Every year, Iran’s Supreme Leader Ayatollah Ali Khamenei addresses Iranians from the holy city of Mashhad for his Nowruz message. He discusses the main issues of the country, both domestically and internationally, and designates a slogan for the upcoming year. Khamenei designated this year as the year of the "Resistance Economy: Action and Implementation."
The “resistance economy” is a term that first came into popular use in 2014. In short, it is an economic policy that stresses a focus on domestic production, promoting a knowledge-based economy and reducing vulnerability on oil and gas exports.
After the speech, Khamenei’s website published “10 fundamental actions for rescuing the country’s economy.” The 10 steps, which were presented in chart form, listed such things as “resurrect domestic production, avoid exports that weaken domestic production, not waste money that enters the country after the nuclear deal, make sensitive and important sectors [oil, gas, airplane, train and ship manufacturing] knowledge based, make the transfer of technology a condition of foreign trade, seriously fight against corruption and give special attention to medium and small industries.”
President Hassan Rouhani has primarily viewed Iran’s struggling economy as a symptom of the international sanctions on his country over its nuclear program. Conservative Iranian politicians have argued that rather than reducing the country’s nuclear program in order to alleviate the economic pressure, Iran should focus on its own domestic capabilities, i.e., a resistance economy. It is no surprise then that a great deal of the conservative commentary after Khamenei’s speech has been focused on the “resistance economy” and the Rouhani administration's inability or lack of desire to fully implement its policies.
Economist Hojatollah Abdolmaleki told Fars News that one of the problems was “the lack of a correct understanding of the resistance economy” within the administration. He said that officials in the administration view it as “a project alongside the other economic policies.” Abdolmaleki said that this view has caused “great damage” because the resistance economy should be implemented at all levels.

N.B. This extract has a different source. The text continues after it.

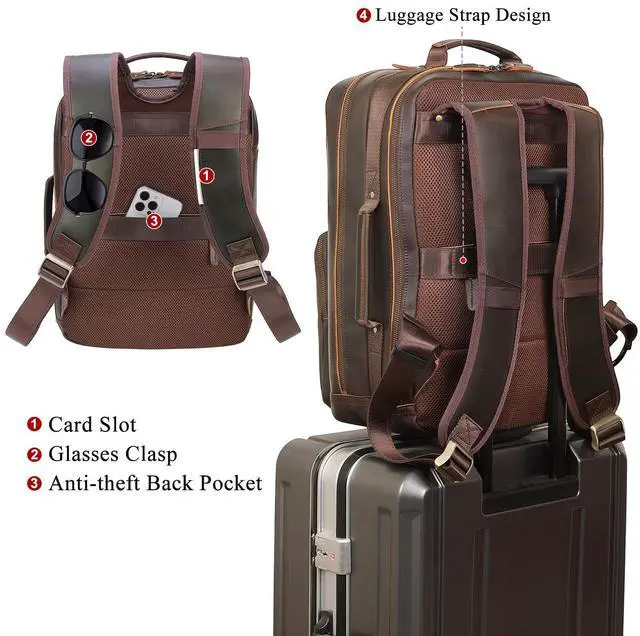 Alt view image 2 of 5 - TIDING 17.3" Full Grain Leather Laptop Backpack for Men Multi Pockets Casual Daypack Business Travel Rucksack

Abdullah Abdullahi reported for Tasnim News that Khamenei named the new year after the resistance economy because it “still has not turned into a widespread discourse in society.” He blamed the Rouhani administration for this, because it has “not applied any serious pressure in the public sphere in the direction of the resistance economy.”
Gholam Reza Mesbahi, a member of parliament’s Planning and Budget Commission, said, “In the two years since the policies of the resistance economy have been issued, the administration has not taken action on this issue.” He added, "Instead of focusing on international relations and the opening of the economy through this path, there should be special efforts toward domestic production, use of national capacities, natural resources, agriculture, industry, mines and tourism.”

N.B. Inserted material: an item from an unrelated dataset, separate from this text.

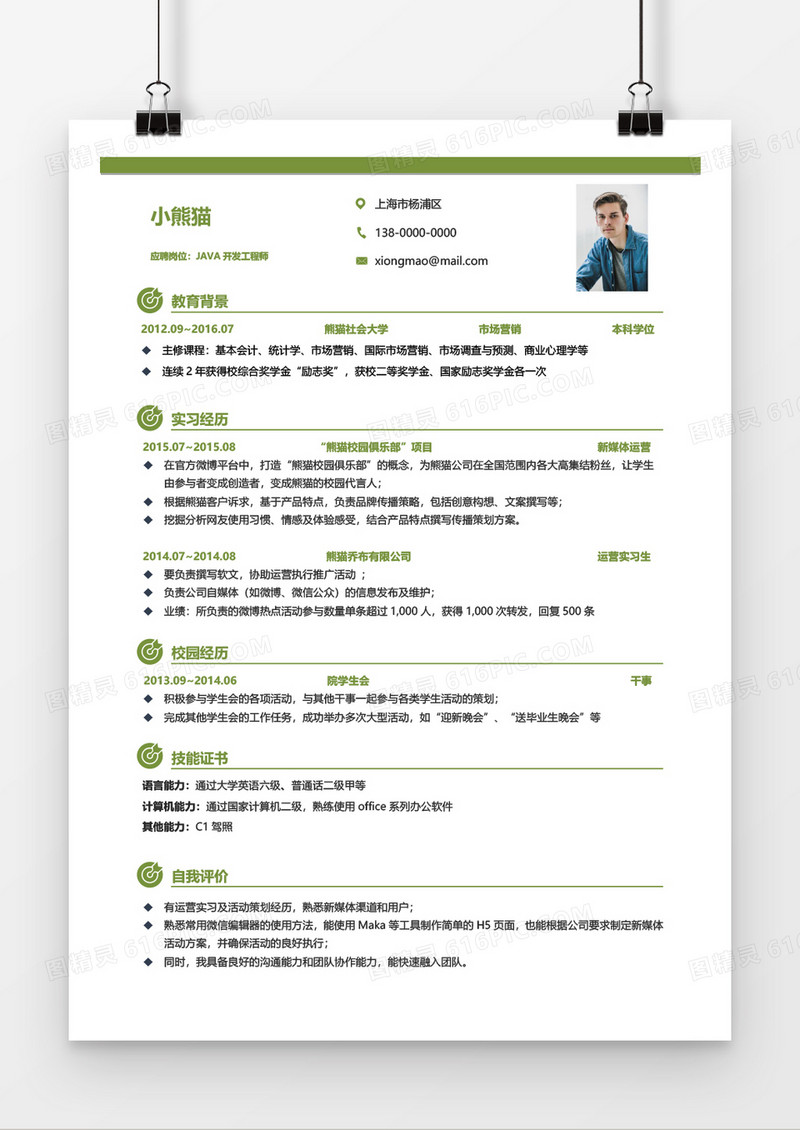 绿色商务时尚java软件开发师2年工作经验简历word模板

Rouhani’s vice president, Eshaq Jahangiri, responded to the criticism against the administration in regard to the implementation of the resistance economy. He said that in cooperation with the other branches of government, there have been a total of 12 resistance economy plans presented. He did not offer details on the plans.
Before Khamenei’s speech in Mashhad, Rouhani also addressed Iranians for Nowruz in a video message. “I am hopeful and I am certain that with cooperation and domestic efforts and constructive engagement with the world, we can follow the path of prosperity, work and growth in economic activity,” Rouhani said. While not entirely different than Khamenei in substance, the speech shows differences of opinion and emphasis toward addressing the economic problems of the country. If Rouhani is not able to improve the economy in the new year, based on Khamenei’s speech and the subsequent commentary, it seems that the pressure on his administration will be increased dramatically.